We want the expression to =31 so x=5.5 is a good estimate.

x-3/x=

5.5-(3/5.5)=

5.5 - (little more than .5)=close to 5

Let \(a\) = the correct answer.

\(x - \frac{3}{x}=a\)

Since \((m-n)^2 = m^2 + n^2 - 2mn\), squaring both sides yields the following:
\((x - \frac{3}{x})^2=a^2\)

\(x^2 - \frac{9}{x^2} - 2(x)(\frac{3}{x})=a^2\)

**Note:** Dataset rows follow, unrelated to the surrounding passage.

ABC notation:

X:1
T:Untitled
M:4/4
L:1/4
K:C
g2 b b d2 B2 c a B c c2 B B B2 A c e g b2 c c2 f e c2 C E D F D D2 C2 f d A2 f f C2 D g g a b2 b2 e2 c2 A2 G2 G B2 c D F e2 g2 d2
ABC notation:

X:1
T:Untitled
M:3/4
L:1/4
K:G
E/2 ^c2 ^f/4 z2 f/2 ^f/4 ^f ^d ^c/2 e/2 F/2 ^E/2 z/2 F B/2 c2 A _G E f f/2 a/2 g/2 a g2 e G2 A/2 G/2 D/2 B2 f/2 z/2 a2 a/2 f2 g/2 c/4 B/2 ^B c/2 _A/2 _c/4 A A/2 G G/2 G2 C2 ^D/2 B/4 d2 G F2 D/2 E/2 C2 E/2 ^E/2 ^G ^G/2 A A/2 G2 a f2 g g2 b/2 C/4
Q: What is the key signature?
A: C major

\(x^2 - \frac{9}{x^2} - 6=a^2\)

Substituting \(x^2 + \frac{9}{x^2} = 31\) into the resulting blue equation, we get:
\(31 - 6=a^2\)

\(25 = a^2\)

±\(5=a\)

let y= 3/x => xy=3 ----- 1
x^2+y^2= 31 --- 2
x - y = ?

(x-y)^2 = x^2 + y^2- 2xy ---- 3
subs 1 and 2 in 3
we get
(x-y)^2 = 31-6 = 25 = 5^2

so x-y = 5

Simple logic and a basic understanding of Algebraic identities will tell you that x – \(\frac{3}{x }\)cannot be as big a number as 36.

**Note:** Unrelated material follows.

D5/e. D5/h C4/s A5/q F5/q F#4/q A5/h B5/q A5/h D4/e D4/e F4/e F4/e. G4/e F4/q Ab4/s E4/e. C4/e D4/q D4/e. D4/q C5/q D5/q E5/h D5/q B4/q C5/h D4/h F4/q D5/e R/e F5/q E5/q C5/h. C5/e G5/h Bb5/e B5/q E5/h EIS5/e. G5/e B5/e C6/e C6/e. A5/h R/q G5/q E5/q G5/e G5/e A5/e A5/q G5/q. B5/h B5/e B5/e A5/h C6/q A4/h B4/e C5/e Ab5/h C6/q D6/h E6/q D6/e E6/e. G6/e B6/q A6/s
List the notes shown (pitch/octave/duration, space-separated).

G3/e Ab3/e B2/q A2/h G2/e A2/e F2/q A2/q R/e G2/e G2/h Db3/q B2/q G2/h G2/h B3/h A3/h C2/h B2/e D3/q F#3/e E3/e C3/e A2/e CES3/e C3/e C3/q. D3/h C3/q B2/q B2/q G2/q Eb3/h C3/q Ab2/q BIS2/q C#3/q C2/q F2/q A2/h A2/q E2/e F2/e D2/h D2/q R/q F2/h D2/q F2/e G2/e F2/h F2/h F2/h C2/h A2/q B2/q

If x – \(\frac{3}{x}\) = 36, \(x^2\) + \(\frac{9}{x^2}\) will not be as small as 31 since squaring 36 will give us a large number like 1296.

What do I mean?

\((x – \frac{3}{x}) ^2\) = \(x^2 + \frac{9}{x^2} – 2*x * \frac{3}{x}\)

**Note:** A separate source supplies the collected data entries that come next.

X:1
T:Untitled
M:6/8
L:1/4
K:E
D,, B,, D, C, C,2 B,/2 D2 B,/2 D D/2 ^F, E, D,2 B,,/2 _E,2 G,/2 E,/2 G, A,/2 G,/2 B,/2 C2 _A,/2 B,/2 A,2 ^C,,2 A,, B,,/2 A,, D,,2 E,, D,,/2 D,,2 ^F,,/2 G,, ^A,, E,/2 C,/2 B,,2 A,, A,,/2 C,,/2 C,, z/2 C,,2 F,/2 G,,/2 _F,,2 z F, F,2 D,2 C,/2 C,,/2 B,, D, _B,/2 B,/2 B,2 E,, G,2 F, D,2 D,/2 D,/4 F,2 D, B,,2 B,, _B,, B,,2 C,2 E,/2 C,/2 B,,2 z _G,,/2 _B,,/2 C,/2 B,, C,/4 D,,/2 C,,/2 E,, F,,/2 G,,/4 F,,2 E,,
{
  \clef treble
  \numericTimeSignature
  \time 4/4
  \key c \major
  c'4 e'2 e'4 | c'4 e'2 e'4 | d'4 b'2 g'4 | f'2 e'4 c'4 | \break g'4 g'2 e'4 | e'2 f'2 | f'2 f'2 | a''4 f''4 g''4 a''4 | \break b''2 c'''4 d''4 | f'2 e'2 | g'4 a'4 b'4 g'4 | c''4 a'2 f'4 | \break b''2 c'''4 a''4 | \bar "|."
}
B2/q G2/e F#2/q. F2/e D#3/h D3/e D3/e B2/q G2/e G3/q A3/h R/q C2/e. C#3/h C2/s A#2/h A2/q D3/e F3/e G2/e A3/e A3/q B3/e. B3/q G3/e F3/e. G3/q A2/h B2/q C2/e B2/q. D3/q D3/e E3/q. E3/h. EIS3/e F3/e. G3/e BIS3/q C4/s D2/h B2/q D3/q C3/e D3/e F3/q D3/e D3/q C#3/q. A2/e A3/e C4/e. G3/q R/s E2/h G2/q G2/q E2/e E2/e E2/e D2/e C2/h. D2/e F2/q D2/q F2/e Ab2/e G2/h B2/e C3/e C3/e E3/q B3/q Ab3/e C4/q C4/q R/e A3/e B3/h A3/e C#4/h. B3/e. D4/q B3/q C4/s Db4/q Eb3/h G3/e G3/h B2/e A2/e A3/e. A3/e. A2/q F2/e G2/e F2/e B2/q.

Since (x-\(\frac{3}{x}\)) = 36, \((36)^2\) = \(x^2\) + \(\frac{9 }{ x^2}\) – 6 and therefore,\(x^2\) + \(\frac{9}{x^2}\) cannot be as small as 31.

Answer options A and B can be easily eliminated. A little more deliberation will tell you that 9 also is big enough to be eliminated, so answer option C also can be ruled out.

On the other hand, 3 is too small a value for x – \(\frac{3}{x}\) which helps us eliminate answer option E.

The correct answer option is D.

If (x-\(\frac{3}{x}\)) = 5, \((x-\frac{3}{x})^2\) = 25.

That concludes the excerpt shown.